I kept thinking of what Claudia Rankine wrote about your work, that your images somehow refuse to be settled down, resist being tied to a single interpretation of identity.

Absolutely. I guess it suddenly becomes a trend now, that artists who look like me are being shown in institutions. And so the question I keep getting is, what can you offer as a black woman artist? Which is annoying for me, an immigrant kid who grew up here. I’m three-tiered in my identity: it’s not just blackness, not just woman-ness; I’m also an immigrant. The thing I’ve always wanted to say is, I want you to see how less small this world can be if we allow it. This is an imaginary family, but it’s an imaginary family that could be anything to anyone. To demand that one thing be the case, that’s not going to happen with this show. It feels good to leave this here and watch this work become in viewership. I’m just excited to see what it becomes in two months. What is the story? Once I put it on the walls, I’m kind of done.

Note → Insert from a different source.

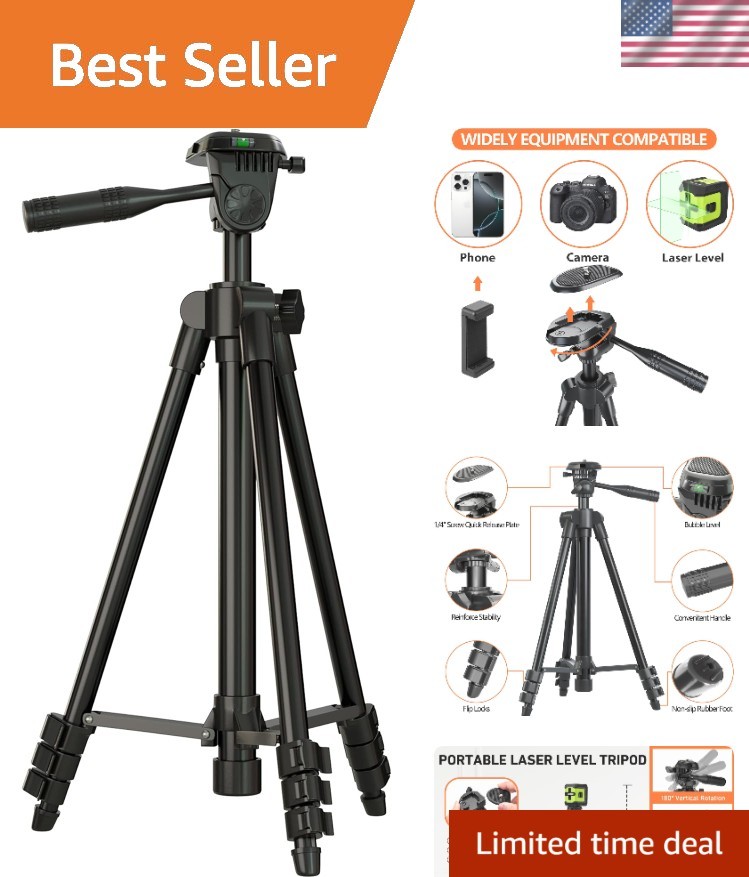 Laser Level Tripod Phone Tripod Stand: 51-Inch Lightweight Travel Stand with ...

The thing you’re trying to get us to think about is what would black wealth look like and why is it so difficult for us to picture. The question of the aesthetics of wealth, more broadly, feels really timely: we’ve just seen someone rise to the presidency in this country whose wealth, or perceived wealth, seems to be his only credential. How much were you thinking about Trump when you were creating this work?

That was the start of this whole thing. It was 2016. We were mired in what would be the longest election cycle I’d ever experienced. The guy was a joke, he was a reality TV star, but everyone was like, look, he’s wealthy, he’s rich. That somehow justified that he had a lack of political experience, that he didn’t have any idea what the job really entailed. It wasn’t in this binary way, let me put black people in wealthy surroundings. I was like, no, I want to see a space and a subject in that space that’s unquestioned, because wealth is seen in a matter of fact way. What wealth affords us is the privilege to not care.

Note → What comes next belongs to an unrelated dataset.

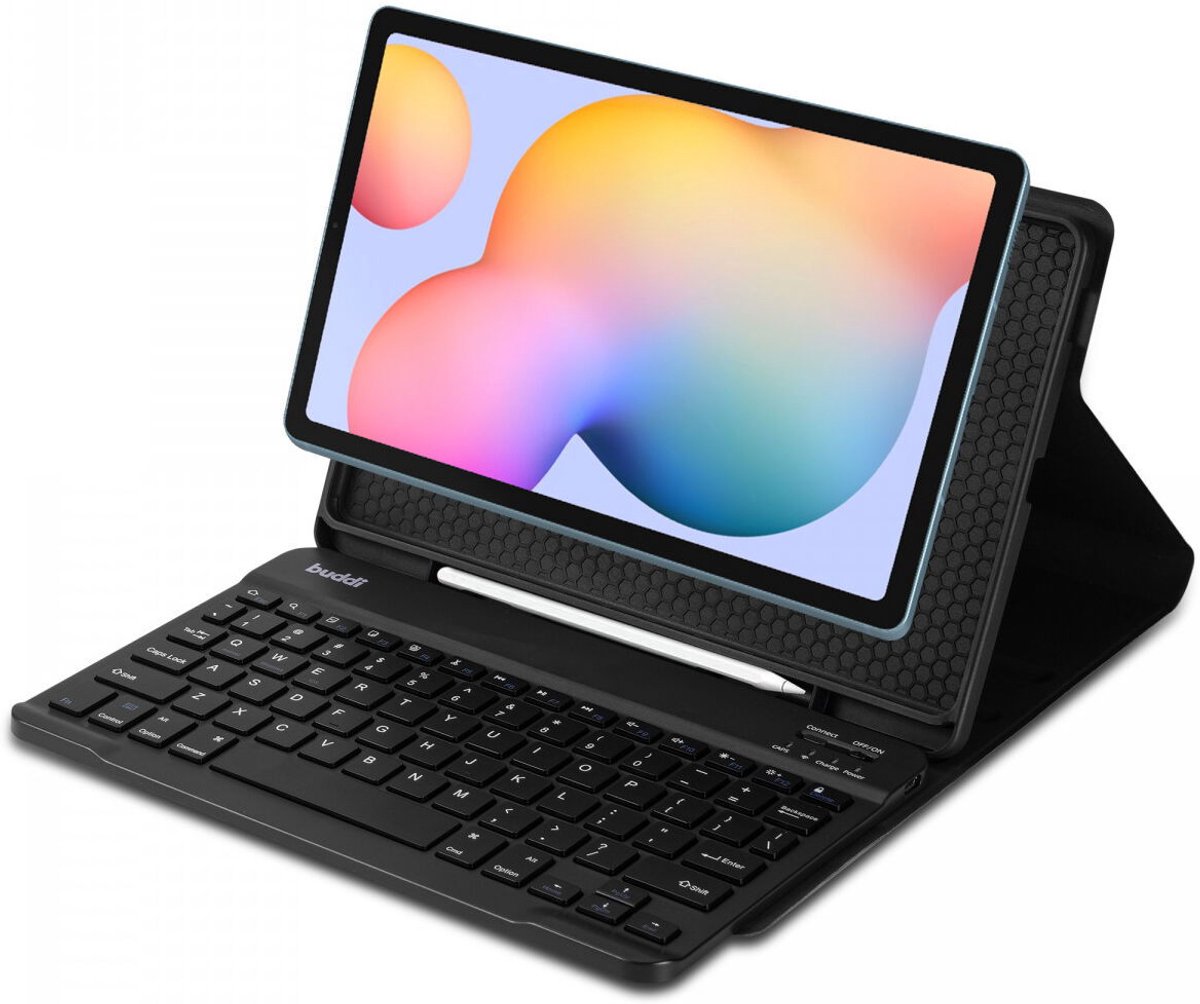 Buddi Zuna Hoes met QWERTY Toetsenbord Geschikt voor Samsung Galaxy Tab S6 Lite | Beschermhoes | Bluetooth 5.0 | met Penhouder | Magnetisch Uitneembaar Keyboard | Book Case met Standaard | Zwart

Why would we want someone who has the privilege to not care being our president? It makes no sense. It started from a slightly angry place. The show at MOAD developed in a way that was hopefully very positive: yes, wealth was the starting point, but also a wealth of self, the notion of knowing that you can walk into a space and see these people in the most boing staid way that wealth affords. Fast forwarding to now, and the Trump administration era that we’re in, where nothing seems for sure, everything is mercurial, every day is a new journey, you have to kind of block everything out. I started making this work in June, and I just shut everything off.

You mean the news.

Yeah, it’s exhausting. My concern as an artist is to reveal things in as subtle ways as I can. There’s this nostalgia: Make America Great Again. White men are feeling stifled, like they can’t speak freely. They’re not accounted for. One of the things I tried to inject into this series was constantly hearing about the mediocrity of white men, how that was no longer helping them move through the world. Because, yes, it’s a globalized, capitalistic system. You can’t just be mediocre. You can’t just fall back on your whiteness and your maleness as a thing that can get you ahead. You have to do a little more—you feel me guys? Maybe put your tiki torches down and try something new. Because everyone here is hustling just to be seen, and all of us have to be exceptional to do so. You have been unremarkable for a very, very long time. I wanted to show an unremarkability: yeah, I’m in the middle of a gorgeous home, with a green chair, and a see-through skirt, and a paisley tee, and I’m just living my life. There’s no other purpose besides that. And that is a luxury that’s been afforded a group of people for a very long time, until very recently. But in order for me to create that piece, I have to be extraordinary. I have to work twice as hard to make this picture look unremarkable. That was what I was pushing at, what seeped in. Because I kept hearing it all summer, with all the statues, the protests, it was like, everyone is very angry. And I don’t understand where this anger is coming from. The people who should be angry are in Flint, Michigan.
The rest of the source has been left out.